Provided entries:
☆ ☆ ☆

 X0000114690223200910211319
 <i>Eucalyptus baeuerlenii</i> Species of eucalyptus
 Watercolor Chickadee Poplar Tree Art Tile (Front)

☆ ☆ ☆

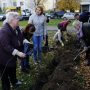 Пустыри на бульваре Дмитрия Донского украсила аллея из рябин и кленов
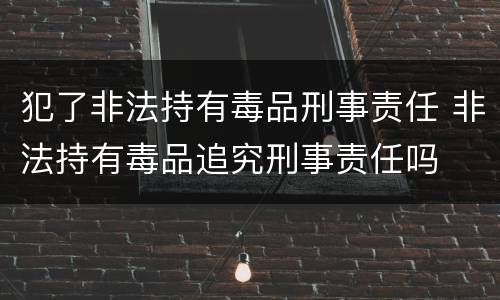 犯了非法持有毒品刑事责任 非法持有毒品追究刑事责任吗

☆ ☆ ☆

How to complete this task: Produce a word-for-word copy of everything above from the line holding "X0000114690223200910211319" down to the line holding "Watercolor Chickadee Poplar", with both of those lines kept.

Answer to this exercise:
 X0000114690223200910211319
 <i>Eucalyptus baeuerlenii</i> Species of eucalyptus
 Watercolor Chickadee Poplar Tree Art Tile (Front)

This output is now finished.